The Oxymoron of the Day: 'Humanitarian War' in Syria

"I would argue that when I see 400 children subjected to gas, over 1,400 innocent civilians dying senselessly . . . the moral thing to do is not to stand by and do nothing." --- President Obama earlier today

That's very compelling.

"I would argue that when I see 400 children subjected to gas, over 1,400 innocent civilians dying senselessly . . . the moral thing to do is not to stand by and do nothing." --- President Obama earlier today

That's very compelling. This article in Jacobin Magazine by Greg Shupak explains why humanitarian war is a contradiction in terms:

Liberal interventionists thought they had this one. Their doctrine had seemingly triumphed in Libya. Not only were the usual suspects, the Christopher Hitchenses, the Bernard-Henri Levys, peddling the notion that NATO could be a global constabulary for the enforcement of human rights, but more careful commentators like Juan Cole and Gilbert Achcar had also backed Western intervention. If NATO's war in Libya has now lost some of its initial luster, it is primarily because the murder of US Ambassador to Libya Christopher Stevens and three other Americans brought worldwide attention to the nature of the forces the war unleashed and to the chaotic state in which Libyans now find themselves.

But the shine was, from the start, an illusion, as Maximilian Forte proves in his important new book, Slouching Towards Sirte: NATO's War on Libya and Africa. Forte thoroughly chronicles NATO's bombing of Libya and the crimes against humanity for which NATO is responsible. The author takes us on a tour of Sirte after it had been subject to intense NATO bombardment by chronicling journalists' impressions of the city in October 2011. Reporters observed, "Nothing could survive in here for very long," that the city was "reduced to rubble, a ghost town filled with the stench of death and where bodies litter the streets," that it was a place "almost without an intact building," whose infrastructure "simply ceased to exist," and resembled "Ypres in 1915, or Grozny in 1995," or postwar "Leningrad, Gaza or Beirut."

Forte describes numerous NATO operations which, he argues, rose to the level of war crimes. For example, he discusses a NATO strike on a farming compound in the town of Majer on 8 August 2011. A Human Rights Watch investigation concluded that NATO fired on the compound twice, the second time killing 34 civilians who had come to look for survivors --a tactic familiar to those who follow US drone strikes in Pakistan and Yemen--and found no evidence that the target had been used for military purposes. In its examination of five sites where NATO caused civilian casualties, the UN Human Rights Council (UNHRC) found that at four of those sites NATO's characterization of the targets as "'command and control nodes' or 'troop staging areas' was not reflected in evidence at the scene and witness testimony." In view of these and other killings of civilians by NATO, Palestinian lawyer Raji Sourani remarks that the Independent Civil Society Mission to Libya of which he was a part has "reason to think that there were some war crimes perpetrated" by NATO. Through this method, Forte shows the fundamental contradiction of humanitarian wars: they kill people to ensure that people are not killed.
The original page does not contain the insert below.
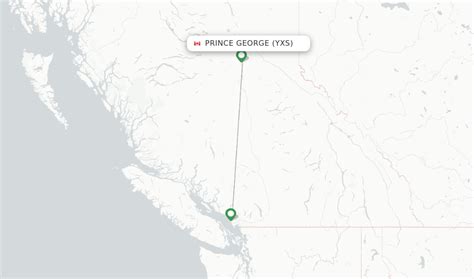 Air Canada Flights From Prince George YXS FlightsFrom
If people want to make a moral argument for military intervention they have to reckon with this in some way. And as far as I can tell the only way to do that is to say you hope you don't kill quite as many people as the "bad guys" would have killed if you didn't intervene. That's not good enough.

Moreover, you have to reckon with the obvious fact that these humanitarian wars are almost always underwritten by people with other motives that are not quite so high-minded, something which the president actually gets to when he talks about "credibility" although he ties it into the humanitarian case in a way that isn't quite honest. The "credibility"on the line is far more about US machismo than it is about the need to enforce norms about chemical weapons. Obviously.

All of this adds up to humanitarian war not being a particularly moral decisions except in a rather preening sense of self-regard and presumed nobility on the part of those who need to believe they alone have both the power and the will to "help". It's horrible to feel impotent in the face of violence so it's a natural impulse to feel that someone must step in and stop it. But modern warfare is so powerfully violent (and our attention span so short) that it is almost inevitable that military force will, at best, end up solving nothing. In fact, it almost always makes thing worse.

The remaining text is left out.